Ей нравилось все. Ей нравились долгие громыхающие поездки в diligence[72]по Бельгии и то, что Бельгия походила на большой, хорошо политый огород. Ей нравился Брюссель, который, по ее мнению, обладал всем, чем должна обладать заграничная столица: бесконечными церквями и монастырями, маленькими затейливыми воротами и амбразурами, колоколом-ангелюсом[73], звон которого веками разносится темными канавами улиц. А еще Руи-Рояль, по которой важно катятся экипажи на высоких колесах и проходят парадом кавалеристы, опутанные золотыми галунами, почти как египетские мумии бинтами; где важных дам тяжело отличить от куртизанок; где есть затененный каштанами парк с напыщенными бронзовыми статуями прославленных ничтожеств; где буржуазия с зонтиками в руках прогуливает своих детей, наблюдая, как те лепят снеговика, и отмахиваясь от продавцов фиалок, у которых туфли деревянные, а лица коричневые, как орех, и осунувшиеся.
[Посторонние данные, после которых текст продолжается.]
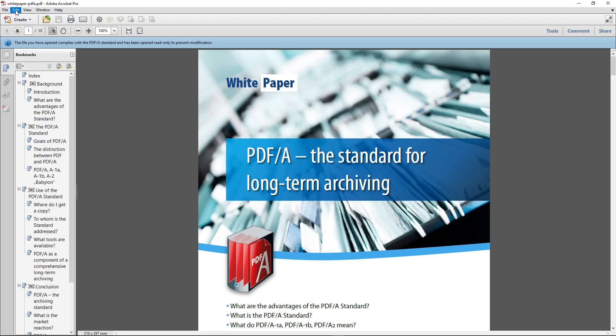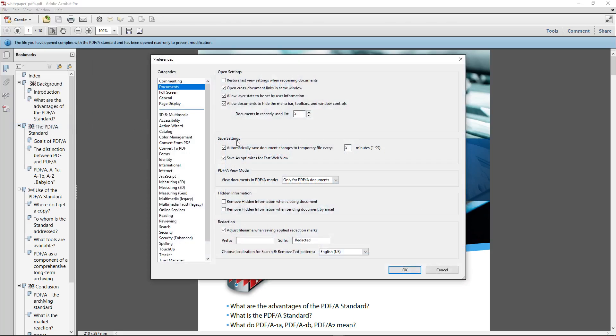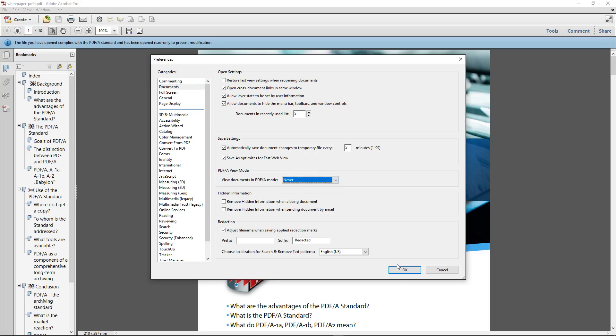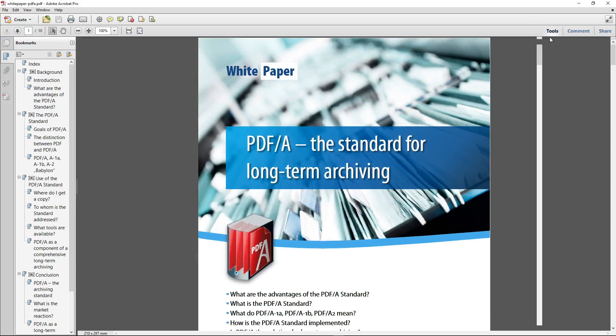Go to Edit > Preferences > Documents, and where it says PDF/A view mode, change that to 'Never' and click OK.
Ей нравилась школа, умело управляемая, уютная и цивилизованная, и нравилась мадам Хегер, утонченная и в то же время открытая к общению, а кроме того — это стало откровением — не старая дева.
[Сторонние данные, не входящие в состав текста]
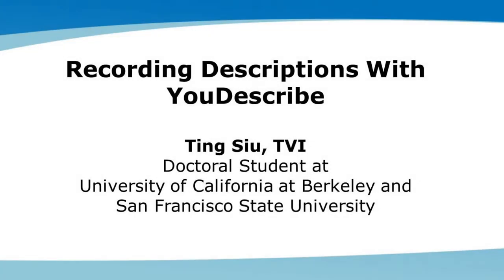Recording descriptions with YouDescribe. Ting Su, TVI, doctoral student at University of California, Berkeley, and San Francisco State University.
Да, были вещи, которые ей не нравились, но они не лезли на глаза, подобно грязным рукам и сопливым лицам маленьких Сиджвиков: их можно было игнорировать. К примеру, их одноклассницы — тщеславные любительницы поглазеть, похихикать и слезливо погладить друг друга по волосам; к счастью, для Шарлотты и Эмили выделили небольшой занавешенный альков в конце дортуара, и сестры могли отгородиться от остальных. Была месса и вечерние lecture pieuse[74], наполненные малоизвестными святыми, проделывающими всякие фокусы, но сестер от этого освободили, — а в наблюдении со стороны обнаружилось даже некое удовлетворение, осознание того, насколько правильно протестантство. Эмили холодно забавлялась:
— Почему бы не пасть ниц перед раскрашенной палкой, да и дело с концом?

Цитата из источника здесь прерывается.